**What you should do:** Copy the data that follows exactly as it is, excluding all pictures.

**Given data:**
..............................
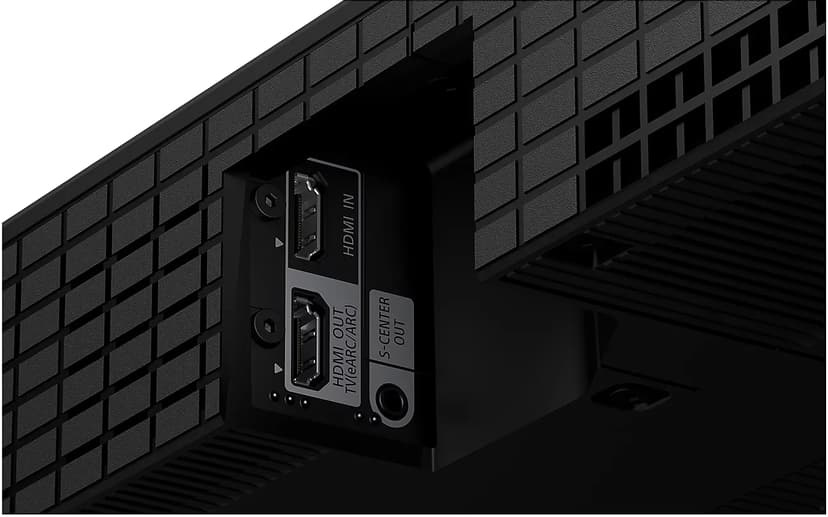 Portar för HDMI-anslutningar och centerljud på en ljudbar.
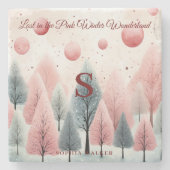 Minimalistisch-Pink-Winterwald-Wunderland-Monogram Steinuntersetzer (Vorderseite)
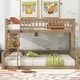 preview thumbnail 1 of 10, 2 IN 1 Twin XL over Queen Bunk Bed with Ladder and Guardrails Walnut
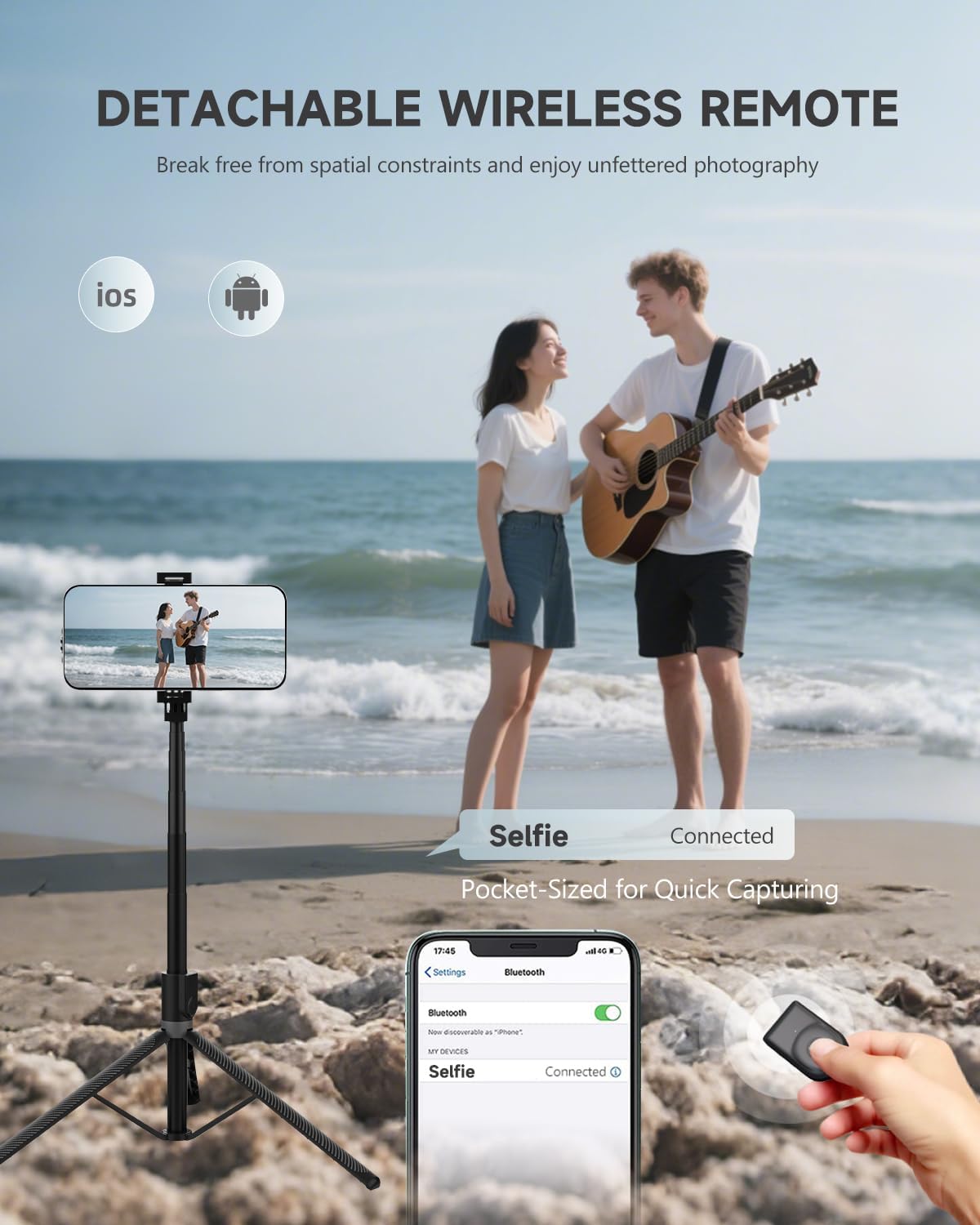 71” Phone Tripod & Selfie Stick, Portable All in One Extendable Cell Phone Tripod Stand, with Wireless Remote Control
..............................
**Solution to this exercise:**
 Portar för HDMI-anslutningar och centerljud på en ljudbar.
 Minimalistisch-Pink-Winterwald-Wunderland-Monogram Steinuntersetzer (Vorderseite)
 preview thumbnail 1 of 10, 2 IN 1 Twin XL over Queen Bunk Bed with Ladder and Guardrails Walnut
 71” Phone Tripod & Selfie Stick, Portable All in One Extendable Cell Phone Tripod Stand, with Wireless Remote Control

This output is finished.